Sorry to take this OT, but since you desire a reply, I'll gladly supply one.
Yes, the Archive and Research Center is more than just a depository of artifacts, but is it open to all that seek to access it, for any reasonable purpose? I don't know that it is or isn't, but I think it certainly should be. If it is, great and I apologize accordingly.
As for dismissals of of the USGA's efforts, the use of the term "blue bloods," and issues of corporate governance, let's examine the underlying truths. I don't dismiss everything the USGA does.
For the record, they do a relatively decent job of administering to the many national championships, archiving golf-related material, trying to guard the rules of the game and performing the engineering of the game's devices and turfgrasses. I won't even judge their role in helping guide the game through it's struggle with modern and continually evolving techonolical upheaval.
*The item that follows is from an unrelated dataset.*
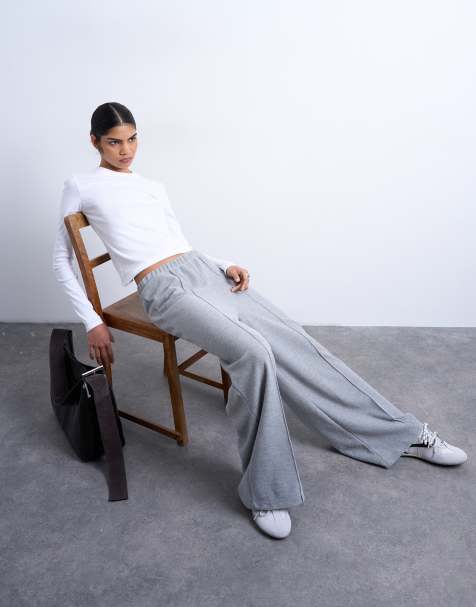 Topshop - Zachte geborstelde broek met platgestikte plooien in grijs - view 1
After that, I maintain they do little if anything to help widen the appeal of the game, protect public venues for the perpetuation of the game, aid access to minority and indigent participation. and responsibly spread the fruits of their profits across a broad and non-elitist platform. Those profits, directly derived from US Open tickets and other fund-raising efforts, are instead going to private air charters, extensive entertaining and a good deal of private club support. Perhaps it is just my humble opinion, but I'm not sure any of those activities fit their mission statement.
While the term "blue bloods" might not feel comfortable on the main-line of Philadelphia, it's pure folly to suggest that it is being used to strictly refer to the "color of one's blood." We both know it was coined long ago by others and often used to (accurately) describe the predominant make-up of the USGA Executive Committee over the last the organization's history. This group is the only group that creates and dictates policy and direction on behalf of the USGA. Members are nominated and voted on, in secret, by a very very select few people, mostly past USGA presidents and EC members, thus effectively and surely protecting the self-perpetuation of organizational policy and direction. Always, the super-majority of the EC is derived from staunchly-private and maybe even elitist clubs, many with exclusionary policies. Little innovative or imaginative is likely to come from such stuffy environs.
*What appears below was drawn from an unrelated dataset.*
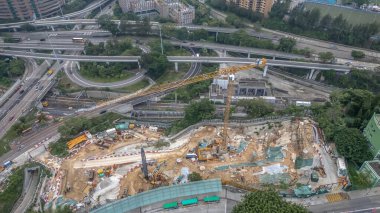 Karmaşık bir ortamda devam eden bir inşaat sahnesi.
Please tell me how, in 2007, a public organization with a very public mandate that secretively renews such a board can or should be defended as being "good for the game?"
Rightfully, you ask me what would I do differently, or better? For starters, as I have stated here before, I'd open up the USGA Executive Committee to public scrutiny and an entirely different composition. Mine would have no worse than an equal weighting of Public and Private golf representatives, a smattering of USGA employee seats (like now) and some outside, truly independent directors. No more streams of Presidents and board majorities from ANGC, Seminole, Cypress, SFGC, etc....
I'd create a mandate to earmark and spend some "meaningful share"..(think 20-25%" % of USGA revenues) to the support, and occasional creation, of public and accessible golf facilities throughout the US. I'd tell my membership that some amount of every dollar was going back to the game for education, assistance and inclusion of our nation's sporting youth (i.e larger and less political grants in both urban and rural areas for teaching and playing facilities). Sponsorship of golf clinics and sportsmanship seminars wouldn't hurt either. Such efforts might not be everyone else's vision, but they seem eminently wiser applications of funds than sponsorship of NetJets (for EC members only!), fancy dinners, and greens fees at clubs nearby tournaments for the EC and staff. Do you disagree?
I'd gladly go into greater detail and carry this debate forward at a later time, but for now my daughter's b-day party and celebration beckons. Until then, I think this no less than a fair defense to your accusations of disparagement and lack of thoughtful solution.